The organ is a most unfortunate creature in that it will forever be associated as a machine for merely accompanying the human voice; a historical allusion which goes back to the days of " The Great Winchester Organ " and its players ( " thumpers " ?  )

As a result of this historical association the organ has never really been able to escape from these limiting shackles as to developing its full potential.

Despite this the organ WILL survive. Haven`t we read recently in the public prints that attendance for Evensong and other services is now enjoying a resurgence albeit in our larger establishments?

This can only be towards the general good.  True, some of us may attend because we enjoy the architecture or the music and not necessarily the divine office being offered but it is still glutes on seats which leads to income.

Standing alone as a solo or accompanying feature though the organ needs to move on a bit and this I feel is the stumbling block.  

It needs to undergo a bit of revamping,  being presented in a different light; and mentioning light ;something quite artistic in its own way could include the use of lighting. One spectacular use of such a means has been employed at Leeds Town  Hall.  Another example would be the recently restored Grand Central Hall in Liverpool.   ( see Google images )  In this building the organ has been conserved AND will be used.  I believe this idea has been adopted In Auckland Town Hall.

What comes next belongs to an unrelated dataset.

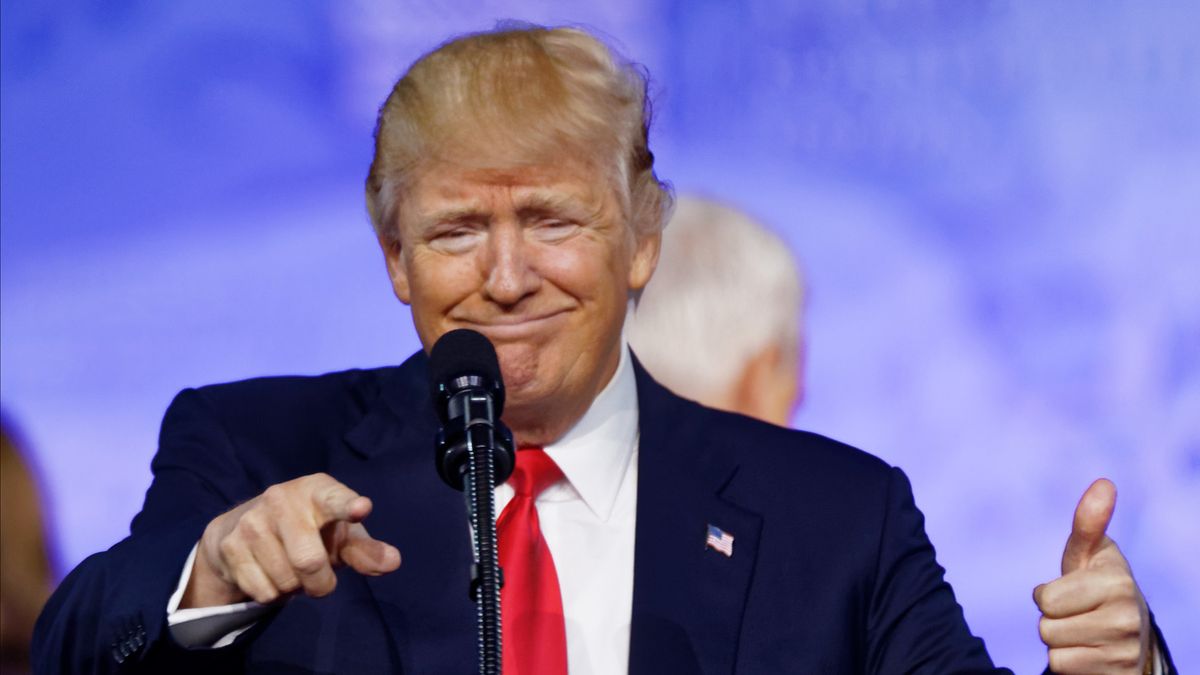 Penyataan Kontroversial Donald Trump Soal Cinta Taco dan Kaum Hispanik dalam Memori Hari Ini, 5 Mei 2016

One glorious opportunity which is completely out of the question on cost grounds alone , would be the relocation of a unique CC instrument which is currently mothballed, to the restored St. Francis Church at Gorton  ( look at the website and you may see what I mean )

At least this will go some way in order to make people  notice that there is even an organ there.  Let`s not forget the famous one about WTB at SGH and " the organ will play"!

I can hear the splutterings already about " Reg at the Tower "   etc.  and the performances of some of our colonial cousins  and all that hangs off that so I am not going there; just saying.

AS regards our "  lesser  churches "   there is no quick fix on cost grounds alone .    One gets what one pays for i;e; craftsmanship.  Someone has already dared to mention  " The "D " Word ". I am not going to invite parts of my anatomy to be slowly removed with red hot pincers on that one!

Education has been mentioned and that is a very valid point. If the kids are not being at least presented with the opportunity to learn the organ, or any other instrument , unless they attend a fee paying school, then the future is bleak.    There are a fair number of young players out there but their access to instruments is very limited ( cost raises its ugly but unavoidable head again )

Finally,( I`m even starting to get bored myself now) we need to re-educate, stimulate, call it what you will,  The Great General Public into attending more live events.  We attend a fair number of " rock " type concerts, even at our  age, and these events are always nearly full to capacity.    Why not the same for other musical events?     All these armchair supporters who bang on endlessly but hardly ever attend a concert or recital .

Finally ( honest! ) I was delighted to hear at the conclusion of the voluntaries after a certain carol service on the radio -   the audience broke into applause.  Great - they noticed the organ!

 

Please forgive these mad ramblings, have to go; my nurse has just appeared with some worrying looking equipment in her hand!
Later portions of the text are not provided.